Working from the start of the listing, please write out exactly the lines through the one that holds "ONIMISC Skull Black", both included, and omit all pictures.
◆ ◆ ◆ ◆ ◆ ◆ ◆
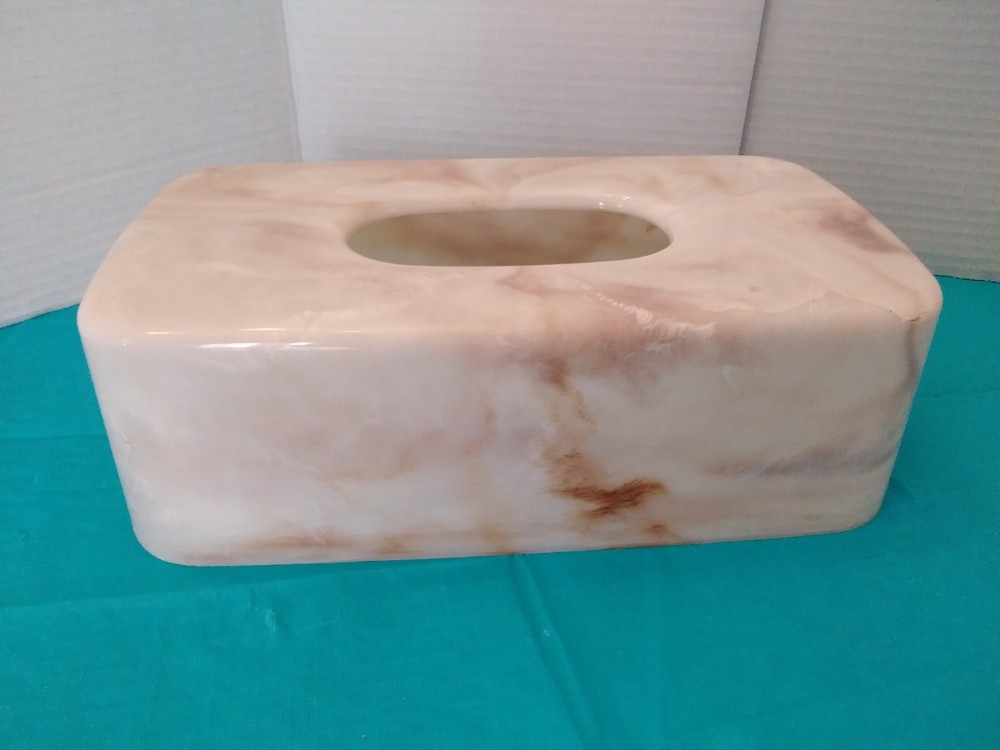 Vintage NEW Larger Retro 70's Lucite Tissue Holder Cover Box Tan Faux Marble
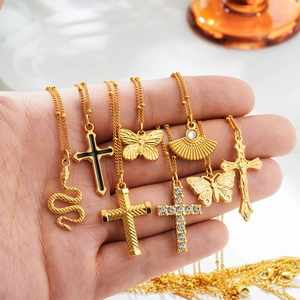 Cross Butterfly Snake Pendant Necklace 18K Gold Plated Stainless Steel Cubic Zirconia Trendy Minimalist Jewelry Women Men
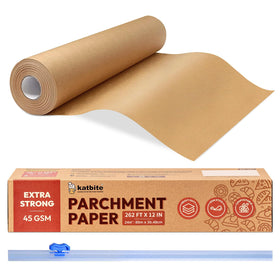Katbite unbleached parchment paper roll with slide cutter for precise cuts and mess-free lining.
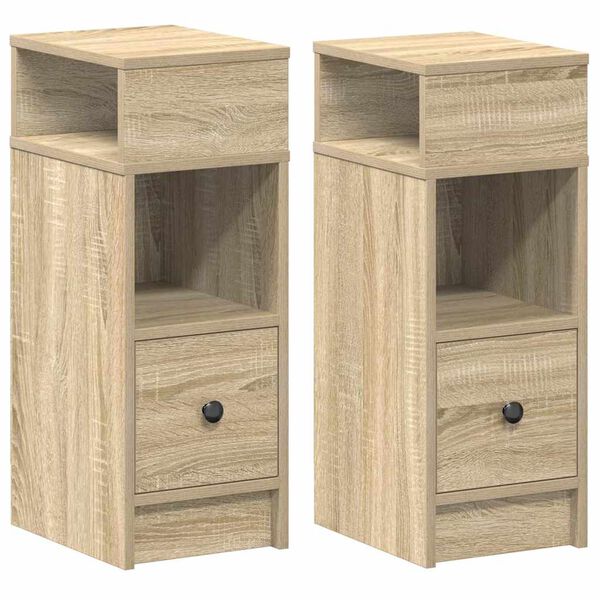 vidaXL Comodini 2 pz con Cassetto Rovere Sonoma 25x31x66 cm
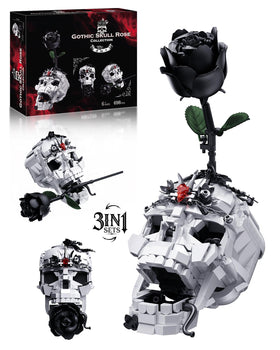 ONIMISC Skull Black Rose Building Set assembly view showing intricate skull and rose details for a dramatic display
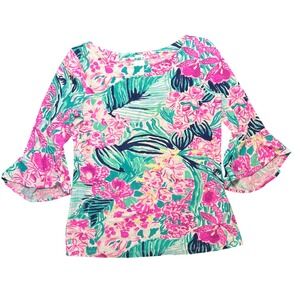 Lilly Pulitzer‎ Colorful 3/4 Sleeve Top Women's Size XS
◆ ◆ ◆ ◆ ◆ ◆ ◆
## Result of this exercise
 Vintage NEW Larger Retro 70's Lucite Tissue Holder Cover Box Tan Faux Marble
 Cross Butterfly Snake Pendant Necklace 18K Gold Plated Stainless Steel Cubic Zirconia Trendy Minimalist Jewelry Women Men
Katbite unbleached parchment paper roll with slide cutter for precise cuts and mess-free lining.
 vidaXL Comodini 2 pz con Cassetto Rovere Sonoma 25x31x66 cm
 ONIMISC Skull Black Rose Building Set assembly view showing intricate skull and rose details for a dramatic display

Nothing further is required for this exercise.